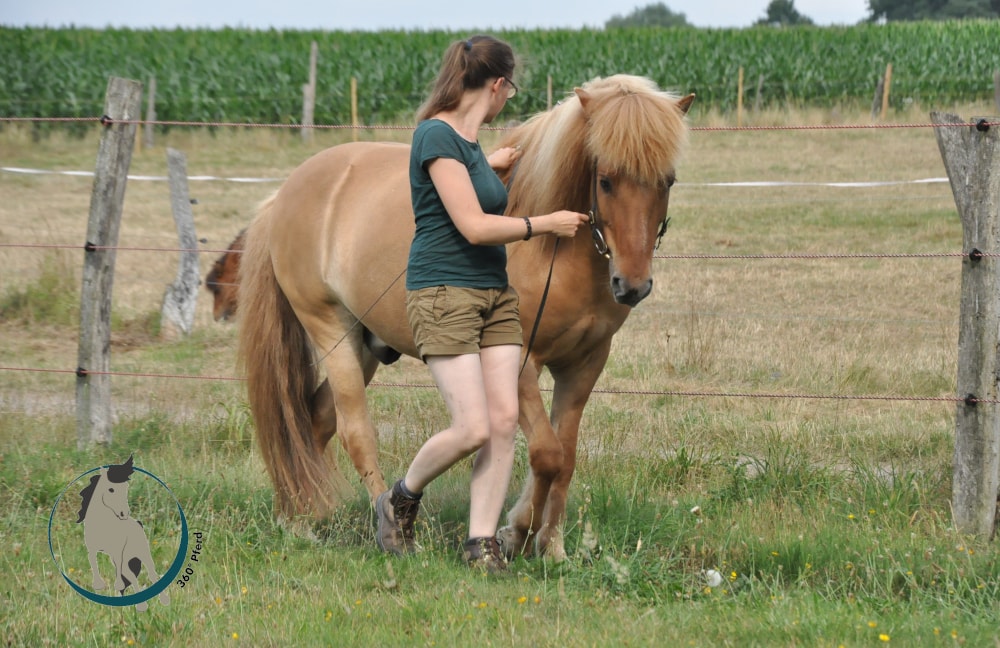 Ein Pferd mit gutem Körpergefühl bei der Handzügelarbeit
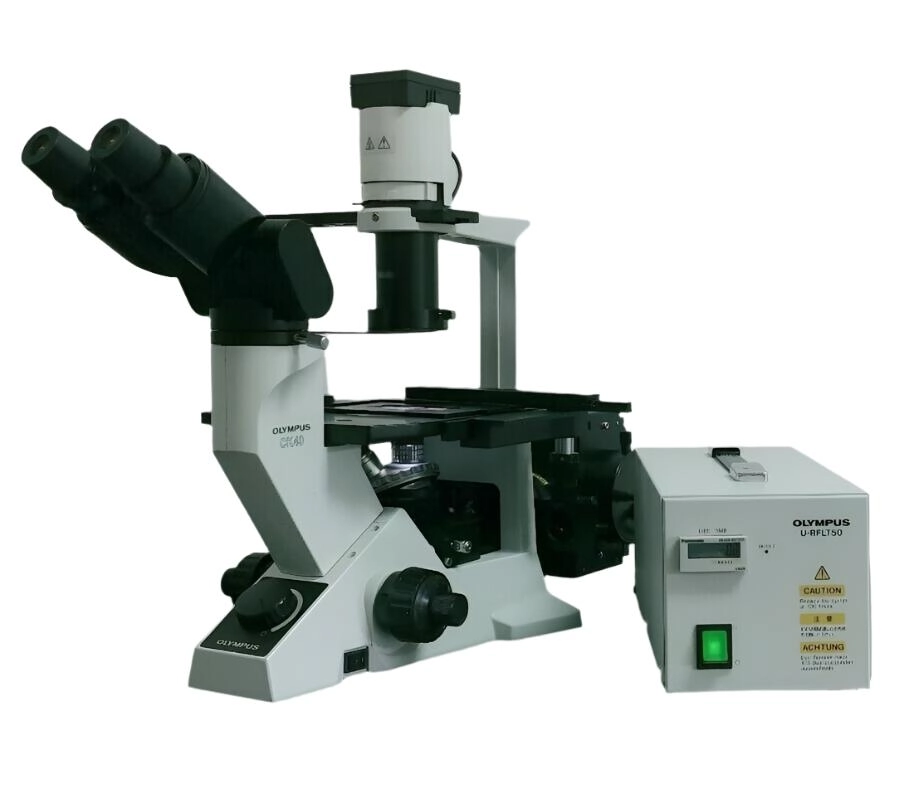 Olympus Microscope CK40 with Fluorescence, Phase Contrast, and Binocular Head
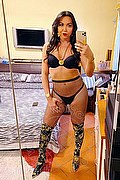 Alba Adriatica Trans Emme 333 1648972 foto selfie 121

--------------------

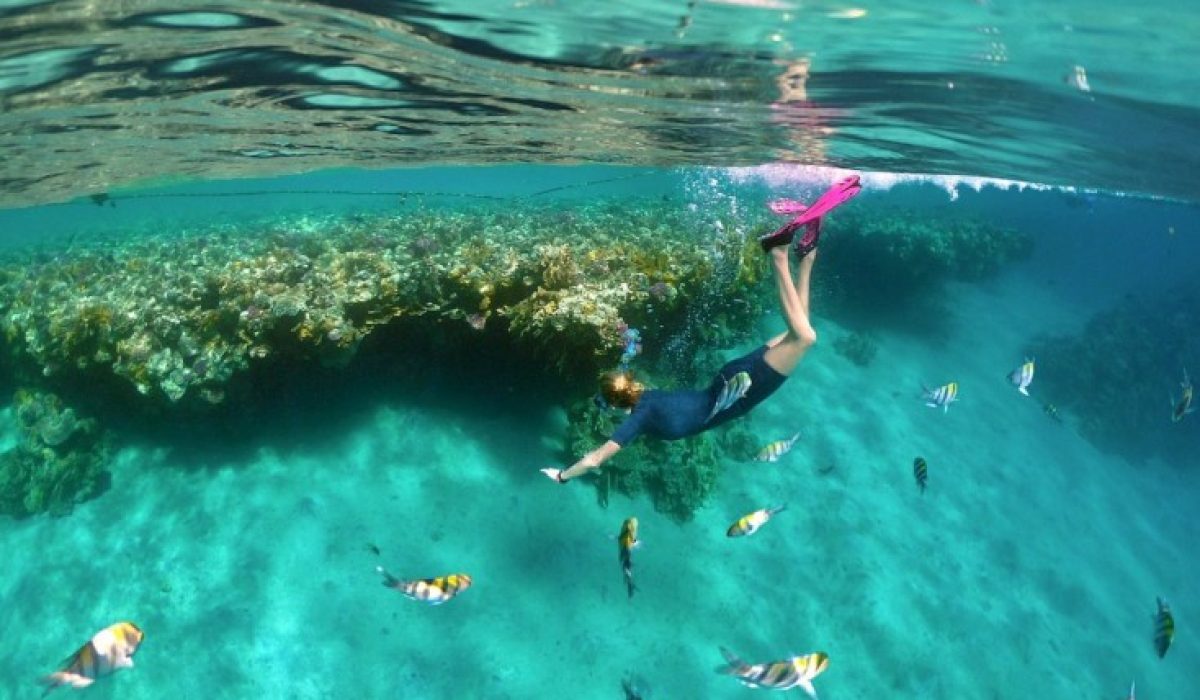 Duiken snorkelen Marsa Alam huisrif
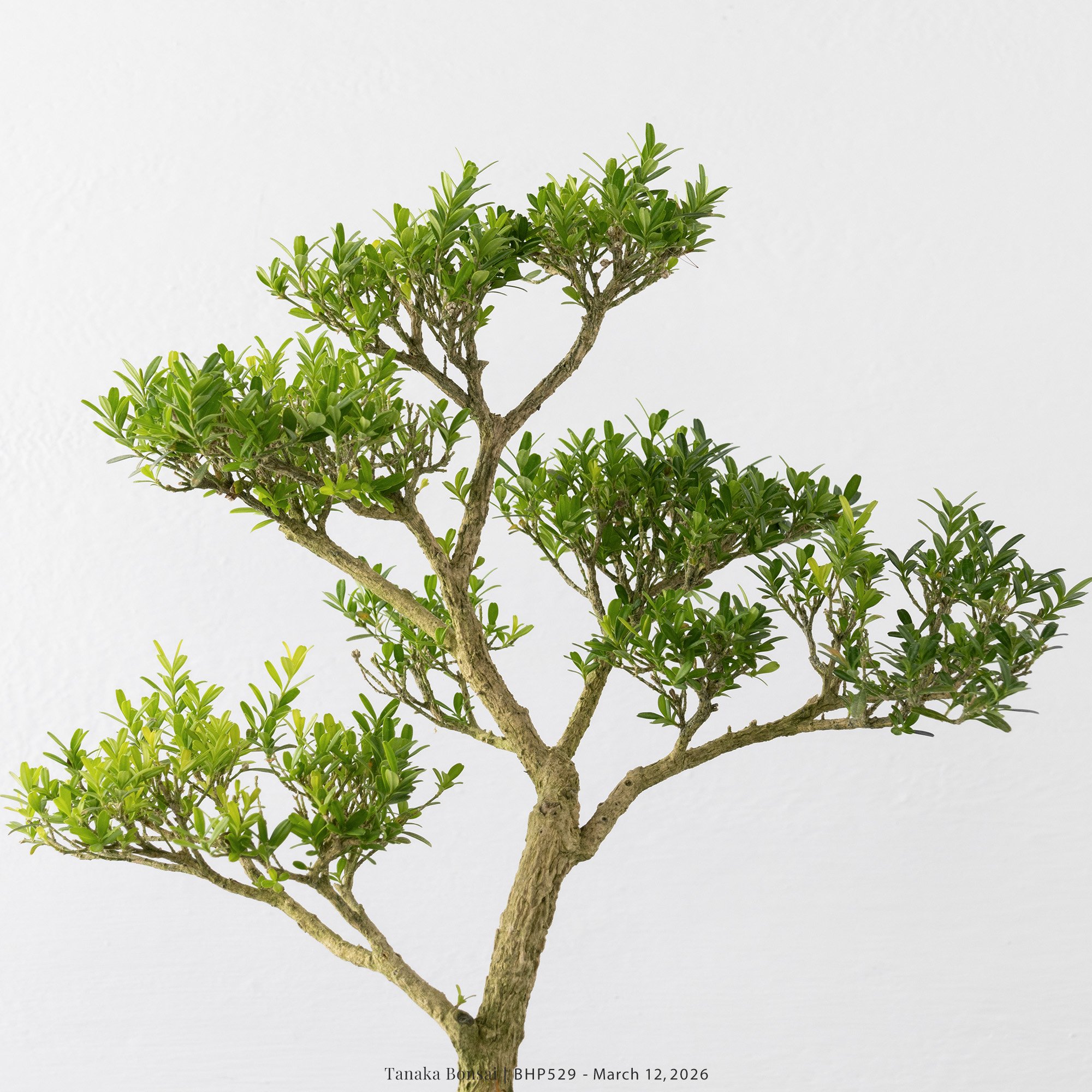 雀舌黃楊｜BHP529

--------------------

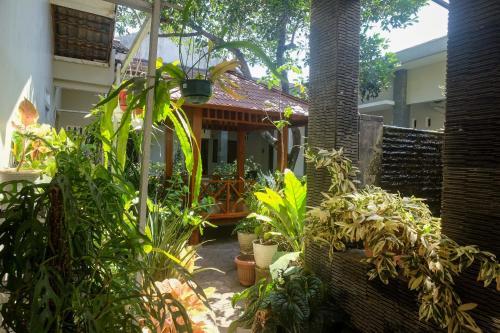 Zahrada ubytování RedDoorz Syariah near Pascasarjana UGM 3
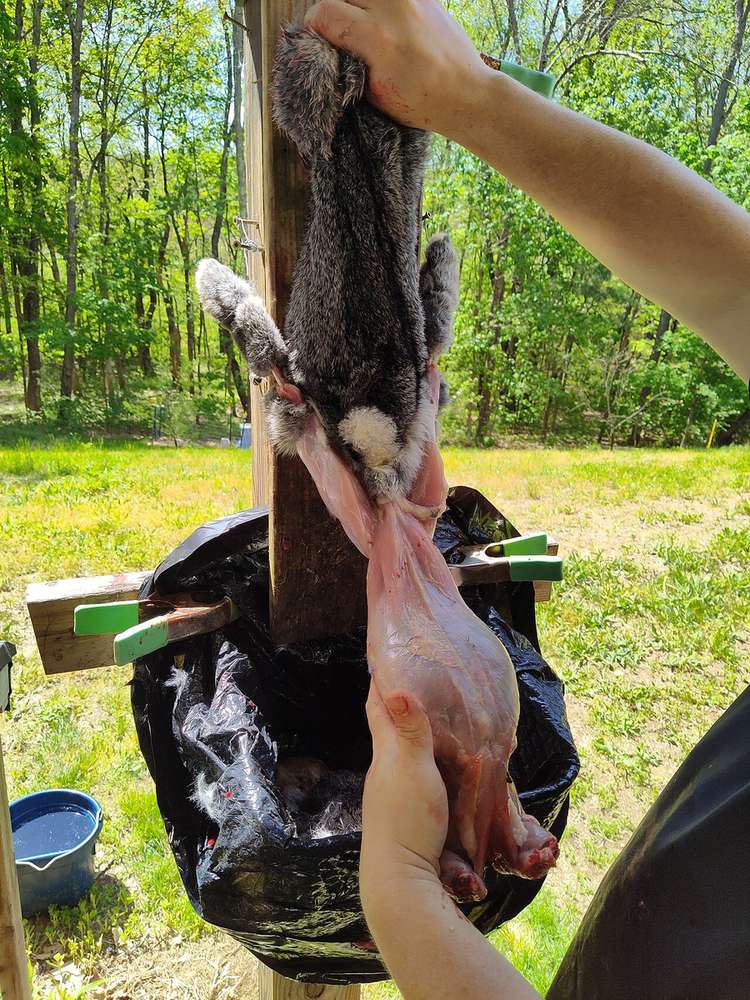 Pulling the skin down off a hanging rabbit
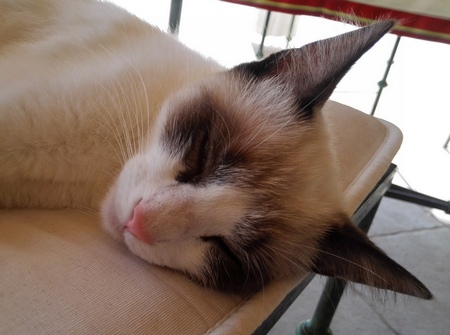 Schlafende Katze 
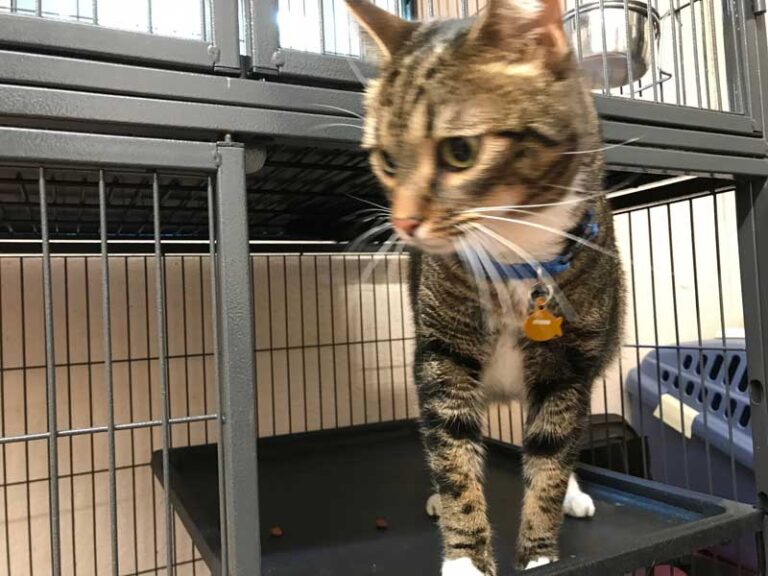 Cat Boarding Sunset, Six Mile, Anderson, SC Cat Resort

--------------------

• **DIRECTIONS**
Return exactly the lines that appear in the data above between the line containing "Duiken snorkelen Marsa Alam huisrif" and the line containing "雀舌黃楊｜BHP529", both of which are included, and leave the pictures out.

• **FINISHED EXERCISE**
 Duiken snorkelen Marsa Alam huisrif
 雀舌黃楊｜BHP529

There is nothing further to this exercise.